Question 3: Talk about the direction of each of the correlations between sal and the other variables. Who tends to earn higher salaries, those with more or less education, higher or lower grades, etc.?

  1. There is a strong positive correlation between grade and salary, as those with higher grade levels tend to earn higher salaries.
  2. There is a moderately positive correlation between edyrs and salary, as those with longer years in education tend to earn higher salaries.
  3. There is a weak positive correlation between yos and salary, as those with higher years of service tend to have higher salaries.


Question 4: How do supervisors (supmgr=1) differ from other people (supmgr=0), based on the correlation coefficients?

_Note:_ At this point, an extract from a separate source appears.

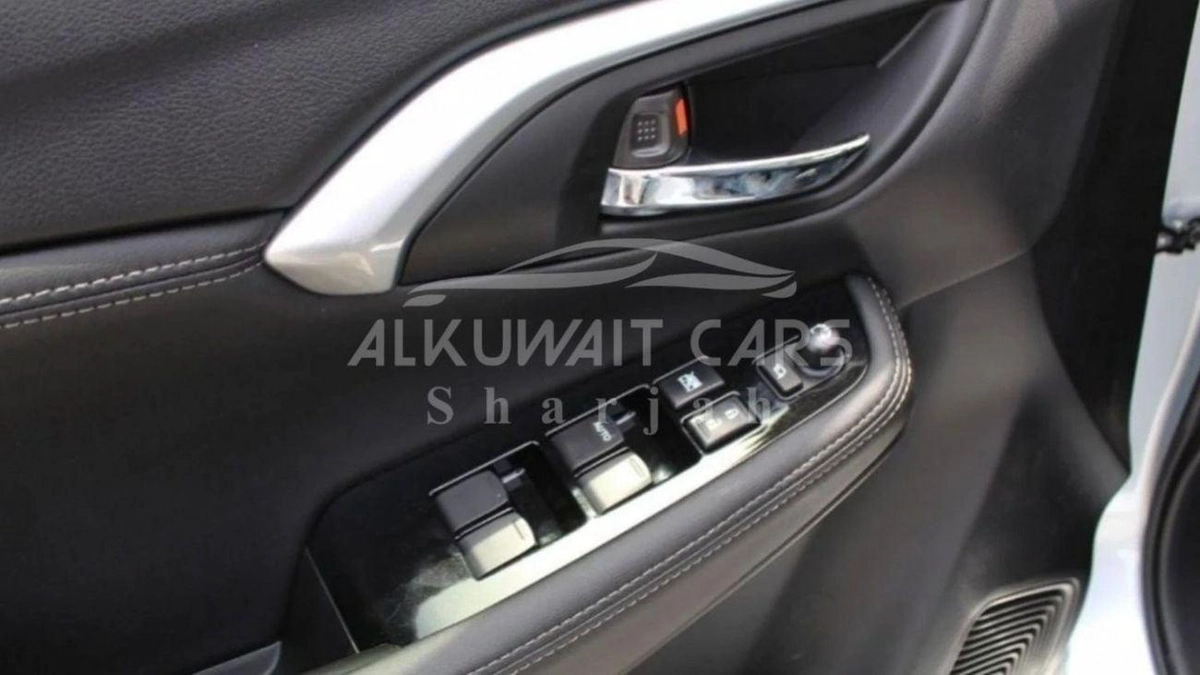Suzuki Grand Vitara GlX 1.5P-7-0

Do supervisors tend to have higher or lower salaries, higher or lower grades, etc.? Which variables is supervisory status most strongly related to?

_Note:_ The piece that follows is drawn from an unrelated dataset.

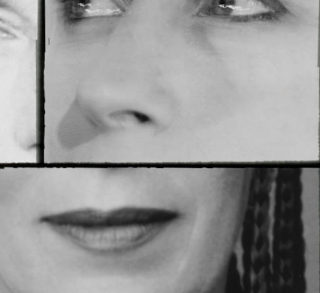 Meredith Monk, L'instinct de la voix - Billy Shebar et David C. Roberts - critique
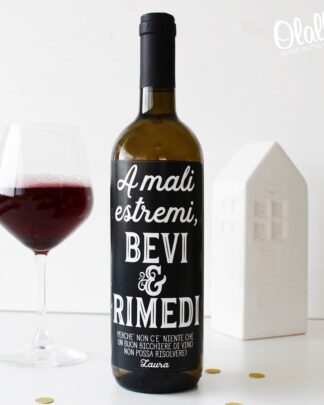 BOTTIGLIA-VINO-A-MALI-ESTREMI-BEVI-RIMEDI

opm94AAM %>% select(sal, grade, yos, edyrs, age, promo01,supmgr01) %>% cor(use = "pairwise.complete.obs") %>% round(digits = 2) %>% pandoc.table(style = "grid")
## 
## 
## +--------------+------+-------+-------+-------+-------+---------+----------+
## |    &nbsp;    | sal  | grade |  yos  | edyrs |  age  | promo01 | supmgr01 |
## +==============+======+=======+=======+=======+=======+=========+==========+
## |   **sal**    |  1   | 0.92  | 0.31  | 0.52  | 0.31  |   0.1   |   0.43   |
## +--------------+------+-------+-------+-------+-------+---------+----------+
## |  **grade**   | 0.92 |   1   | 0.22  | 0.47  | 0.19  |  0.07   |   0.39   |
## +--------------+------+-------+-------+-------+-------+---------+----------+
## |   **yos**    | 0.31 | 0.22  |   1   |  0.1  | 0.61  |  -0.06  |   0.3    |
## +--------------+------+-------+-------+-------+-------+---------+----------+
## |  **edyrs**   | 0.52 | 0.47  |  0.1  |   1   | 0.22  |  0.07   |   0.14   |
## +--------------+------+-------+-------+-------+-------+---------+----------+
## |   **age**    | 0.31 | 0.19  | 0.61  | 0.22  |   1   |  -0.18  |   0.27   |
## +--------------+------+-------+-------+-------+-------+---------+----------+
## | **promo01**  | 0.1  | 0.07  | -0.06 | 0.07  | -0.18 |    1    |  -0.02   |
## +--------------+------+-------+-------+-------+-------+---------+----------+
## | **supmgr01** | 0.43 | 0.39  |  0.3  | 0.14  | 0.27  |  -0.02  |    1     |
## +--------------+------+-------+-------+-------+-------+---------+----------+

When it comes to the variable that is strongly correlated with supmgr01, it is salary, in which the correlation coefficient is .43, which means those that are supervisors tend to have a moderate relationship with salary.


Question 5: How do people who were promoted between 1994 and 1995 (promo=1) differ from those who were not?

M <- opm94AAM %>% select(sal, grade, yos, edyrs, age, supmgr01, promo01) %>% cor(use = "pairwise.complete.obs") # store correlation table in letter M
corrplot(M, method = "number")

When it comes to people that were promoted (promo01), it can be said that there is no distinct relationship between the variables listed above as the correlation coefficients for each variable is a weak relationship strength with each variable.